Personal information
- Full name: Li Zhouzhe
- Date of birth: 1944
- Place of birth: Jixi, China
- Date of death: 2002 (aged 57)
- Place of death: Beijing, China
- Height: 1.68 m (5 ft 6 in)
- Position(s): Right winger

Senior career*
- Years: Team / Apps / (Gls)
- 1964–1976: Air Force Football Team

International career
- 1969–1976: China

Managerial career
- Bayi
- 1996–1997: Harbin Lange

= Li Zhouzhe =

Chinese footballer

Li Zhouzhe (李宙哲 (李宙哲, Lǐ Zhòuzhé); 1944 — 2002) was a Chinese footballer who played as a right winger.

==Playing career==
In 1964, Li began his senior career with the Air Force Football Team.

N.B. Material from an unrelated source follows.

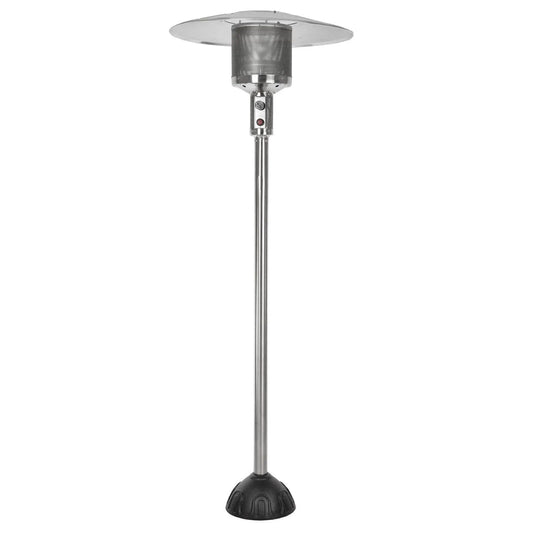 Chauffage d'appoint, Chaufferette au gaz naturel Paramount en acier inoxydable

In 1969, Li's performances led to him being called-up for China. Li played in both the 1974 Asian Games and the 1976 AFC Asian Cup, scoring a hat-trick against Brunei in a 10–1 victory whilst qualifying for the latter tournament on 19 June 1975.

==Managerial career==
In 1977, following his retirement from football a year prior, Li began coaching at Bayi, managing the first team, second team and youth teams for a period of 18 years.

In December 1996, Li was appointed head coach of newly formed club Harbin Lange. On 13 May 1997, Li was sacked from Harbin Lange due to poor results.